Grok filter failing


#1

I have created a grok filter for JBoss logs. The grok fails when I include %{TIME:time} %{LOGLEVEL:level} and I can not read time and level

grok {
match => [
"%{TIME:time} %{LOGLEVEL:level} [(?[^]]+)] ((?[^)]+)) %{GREEDYDATA:message}"
]
overwrite => ["message"]
}

Examples:
2018-03-08 00:00:12,126 INFO [tellapp] (tellapp Listener - Thread-24) Connection coming from 10.170.133.10 on 4200 as 64275
2018-03-08 00:00:12,126 INFO [tellapp] (Thread-62684) End of Stream reached Closing connection. -1
2018-03-08 00:00:12,126 INFO [tellapp] (Thread-62684) Connection closed.
2018-03-08 00:00:27,126 INFO [tellapp] (tellapp Listener - Thread-24) Connection coming from 10.170.133.10 on 4200 as 28445
2018-03-08 00:00:27,126 INFO [tellapp] (Thread-62685) End of Stream reached Closing connection. -1
2018-03-08 00:00:27,126 INFO [tellapp] (Thread-62685) Connection closed.
2018-03-08 00:00:42,126 INFO [tellapp] (tellapp Listener - Thread-24) Connection coming from 10.170.133.10 on 4200 as 27809
2018-03-08 00:00:42,126 INFO [tellapp] (Thread-62686) End of Stream reached Closing connection. -1

Thank you


(Ry Biesemeyer) #2

From what I can tell, the problem may be more to do with the raw regular expressions in the middle:

  • because [, ], (, and ) carry special meaning in a regular expression, they need to be prefixed with a backslash (\) whenever attempting to match a literal character.
  • the non-capture grouping (?: expression ) is both unnecessary and missing a colon, which creates a syntax error in the underlying regular expression.
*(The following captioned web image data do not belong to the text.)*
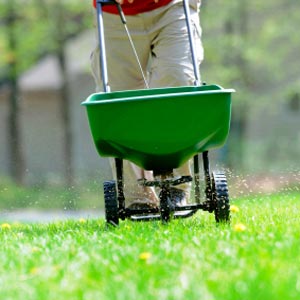 Organi-Lawn Fertilization & Pest Control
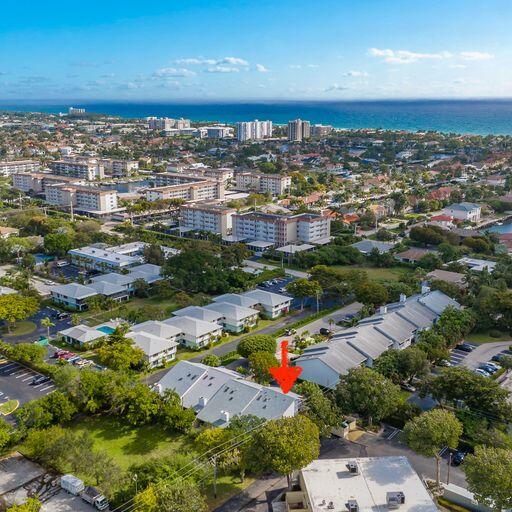 HARBOUR CLUB - Residential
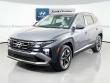 New 2026 Hyundai Tucson Hybrid SEL AWD SUV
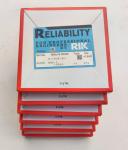 RIK Japanese Piston Ring Mitsubishi S6K 34317-19010 Komatsu 4M40 ME202950 20975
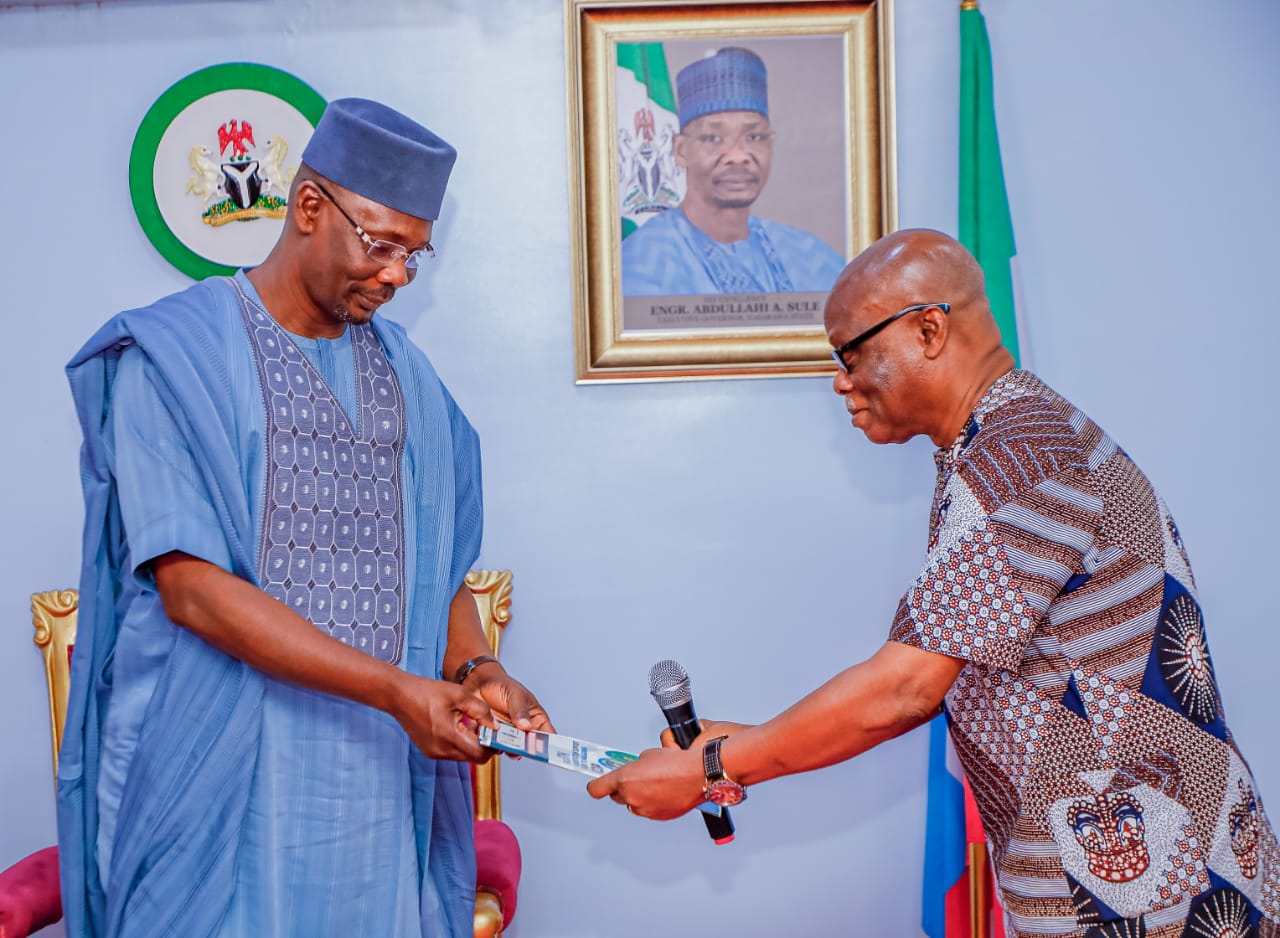 Agriculture: Nasarawa promises to sustain gains of FG/IFAD – VCDP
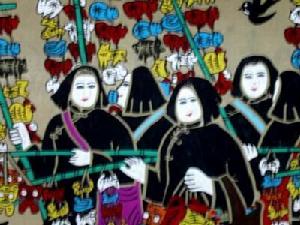 關中婚俗 關中婚俗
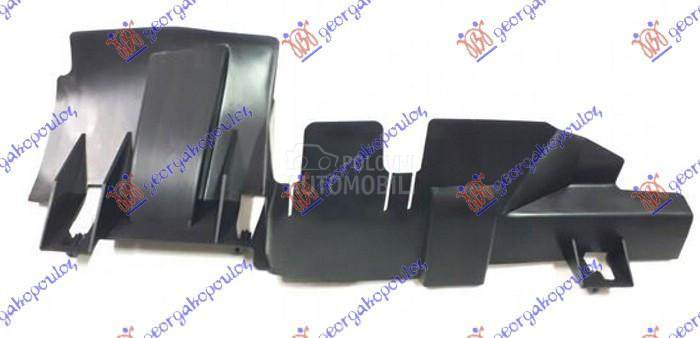 NOSAC HLADNJAKA VERTIKALNI (US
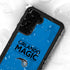 NBA Orlando Magic Standard - Blue Galaxy S23 Waterproof Case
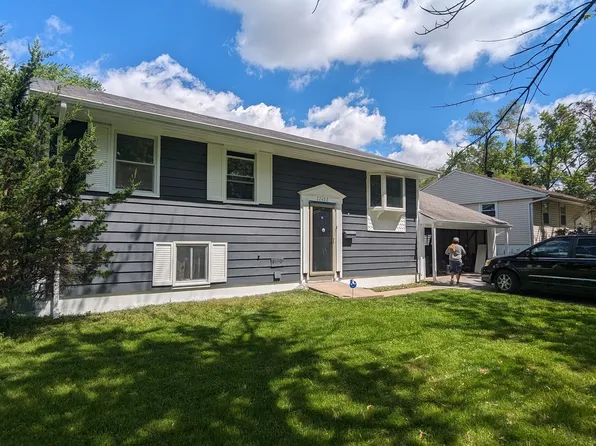 22482 Yates Ave, Sauk Village, IL 60411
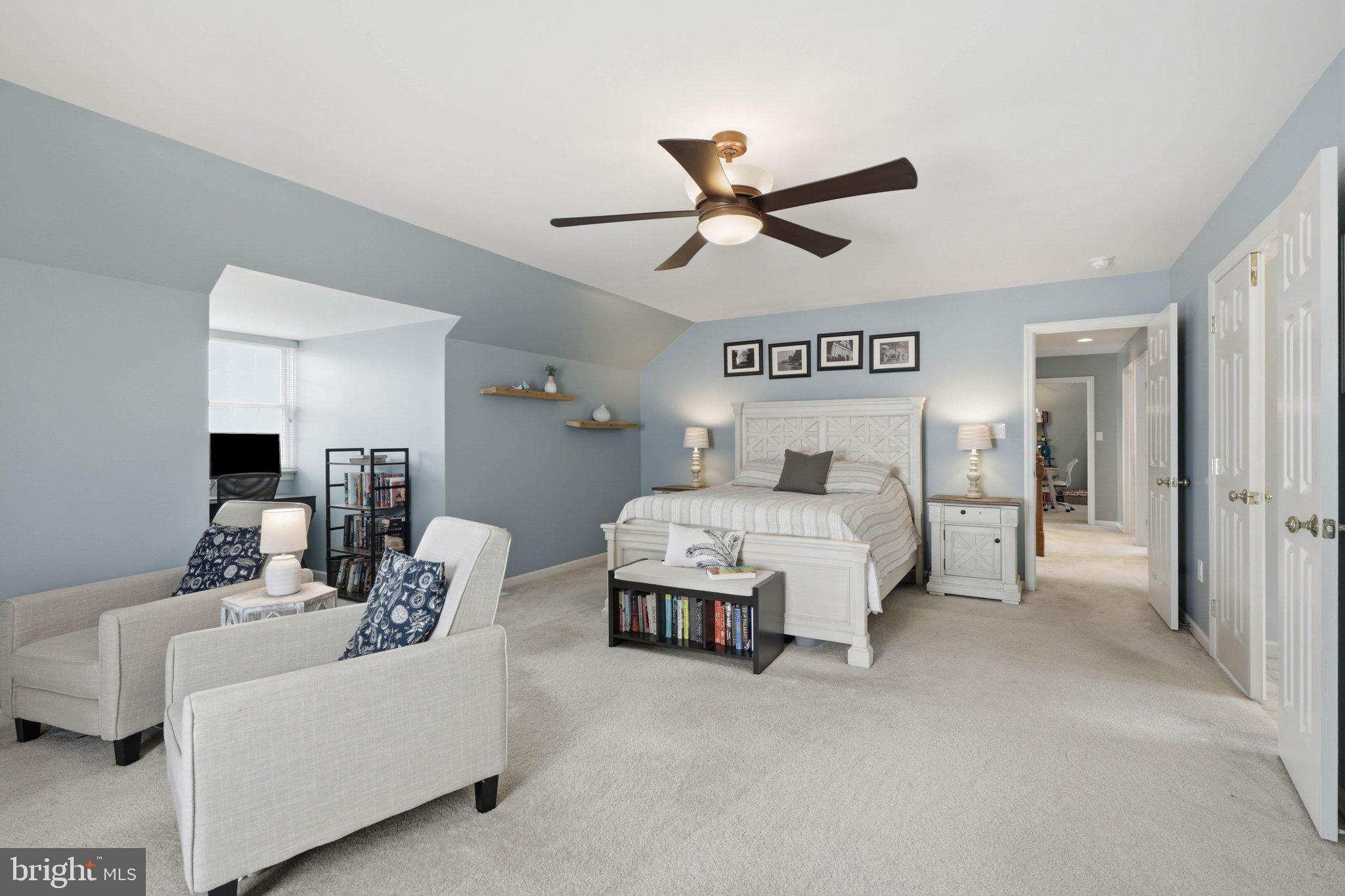 EAGLE HEIGHTS - Residential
I took your example lines, put them in the Grok Constructor, and fiddled with the patterns.


Below, I have fixed the escaping (backslashing the literal open- and close-brackets, as well as the close-bracket in the negative character class), and removed the unncessary-and-not-quite-right non-capture grouping:

%{TIME:time} %{LOGLEVEL:level} \[[^\]]+\] \([^\)]+\) %{GREEDYDATA:message}

I also noticed that we should probably be using TIMESTAMP_ISO8601 to capure the timestamp, since it includes the date portion of the capture:

%{TIMESTAMP_ISO8601:time} %{LOGLEVEL:level} \[[^\]]+\] \([^\)]+\) %{GREEDYDATA:message}

Since we're attempting to match from the beginning of the string, we can make grok fail faster by anchoring our pattern to the start of the string -- prefixing it with the ^ anchor :

^%{TIMESTAMP_ISO8601:time} %{LOGLEVEL:level} \[[^\]]+\] \([^\)]+\) %{GREEDYDATA:message}

If we add a couple more named grok patterns, we can capture the bracketed- and parenthesised groups too:

NOTCLOSEBRACKET [^\]]+
NOTCLOSEPAREN [^\)]+
^%{TIMESTAMP_ISO8601:time} %{LOGLEVEL:level} \[%{NOTCLOSEBRACKET:application}\] \(%{NOTCLOSEPAREN:context}\) %{GREEDYDATA:message}

(system) #3

This topic was automatically closed 28 days after the last reply. New replies are no longer allowed.